A credit limit allows you to make responsible purchases with the promise of repaying what you owe at a later date. It’s a good idea to have a lower credit limit to prevent the accumulation of debt. But, there might come a time when you’ll need to buy something that’s beyond your credit limit. This is one of many reasons to increase your credit limit. Increasing this limit also improves your credit score and may give you a better chance at loan approval in the future.
After consulting with your bank, they might be able to increase your limit, thus granting you more freedom than you had before. Sometimes, credit card companies automatically increase your credit limit. If this has not happened, then it’s time to request it.
There are many deciding factors for a credit limit increase. Making payments back on time, only having a few credit cards, and making a decent income will increase your chances for a credit limit approval. They’ll base denial upon having too many accounts and credit cards and missing payments.
Improve your credit score
Increasing your credit score works two ways. By increasing your credit limit, you’re giving yourself the opportunity to buy more. As long as you make your payments on time, this equates to improving your credit score. You’re given more opportunities to pay back your credit on time. This increases your chances for loan and mortgage approval in the future.
Also, if you increase your credit limit but still spend the same amount of money, this improves your credit utilization ratio. It also shows to loaners that you don’t need as much credit limit as you’re granted. A better credit score gives you tons of opportunities and stability across the board.
Prepare you for future credit cards
There may come a time when you want to apply for a prestigious credit card. If you can make your payments on time and prove you’re financially responsible now, this will help your application for the new card in the long run.

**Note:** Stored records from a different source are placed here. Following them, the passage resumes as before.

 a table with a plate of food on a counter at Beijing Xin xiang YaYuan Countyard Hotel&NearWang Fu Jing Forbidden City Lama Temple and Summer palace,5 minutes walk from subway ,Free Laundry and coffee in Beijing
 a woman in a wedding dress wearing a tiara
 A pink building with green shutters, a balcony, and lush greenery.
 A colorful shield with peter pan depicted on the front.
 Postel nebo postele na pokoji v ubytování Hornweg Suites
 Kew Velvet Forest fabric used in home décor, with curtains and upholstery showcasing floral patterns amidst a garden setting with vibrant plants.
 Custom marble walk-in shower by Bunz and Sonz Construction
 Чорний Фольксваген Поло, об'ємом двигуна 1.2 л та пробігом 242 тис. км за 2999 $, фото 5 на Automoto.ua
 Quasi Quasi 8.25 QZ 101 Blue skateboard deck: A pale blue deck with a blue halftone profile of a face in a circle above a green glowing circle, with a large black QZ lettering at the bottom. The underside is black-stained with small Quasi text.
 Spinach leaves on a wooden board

Helps improve your credit utilization by lowering it
As mentioned above, increasing your credit limit helps improve your credit utilization. If you currently have a credit limit of $3,000 per month and only spend $2,600, then you’re using roughly 86 percent of that limit. If you increase your credit limit to $4,000 and still only spend $2,600, then this will lower that percentage. This improves your credit utilization and credit score.
More buying power
A bigger limit means more buying power. You can now make major purchases that you normally wouldn’t have been able to make or would have had to wait to save up for.
More of a chance for loan approval
Increasing your credit limit while sticking to the same budget shows loaners that you’re responsible with your finances. Since you don’t use all the credit limit on your card, it proves that you’re making a decent income and timely payments. If you only use 50 percent of your credit limit, that will prove to loaners that you make payments back on time. It also shows that you’re financially stable enough and don’t need half of the credit available to you. This will help you for loan approval in the future.
Good for emergencies
It’s always a good idea to have extra money at hand in case of an emergency. Increasing your credit limit will give you a good cushion should you ever need extra money in the case of an emergency. Treat it as a safety net.
Reap the rewards
Many credit cards offer points and rewards when you spend money on your card. If you have a bigger credit limit, then you’ll be able to make more purchases which means you can accumulate more points. In turn, you can use these points to buy things like hotels, flights, and even gift cards.
Take hold of your finances
Increasing your credit limit shows you’re financially stable and responsible enough to handle this change. It’s empowering and proves that you’re making a steady income and handling your budget in an appropriate way. You prove that you can make major purchases and make payments back on time.
There are many reasons to increase your credit limit. By increasing your limit, you can improve your credit utilization score, have more buying power, and improve your credit score.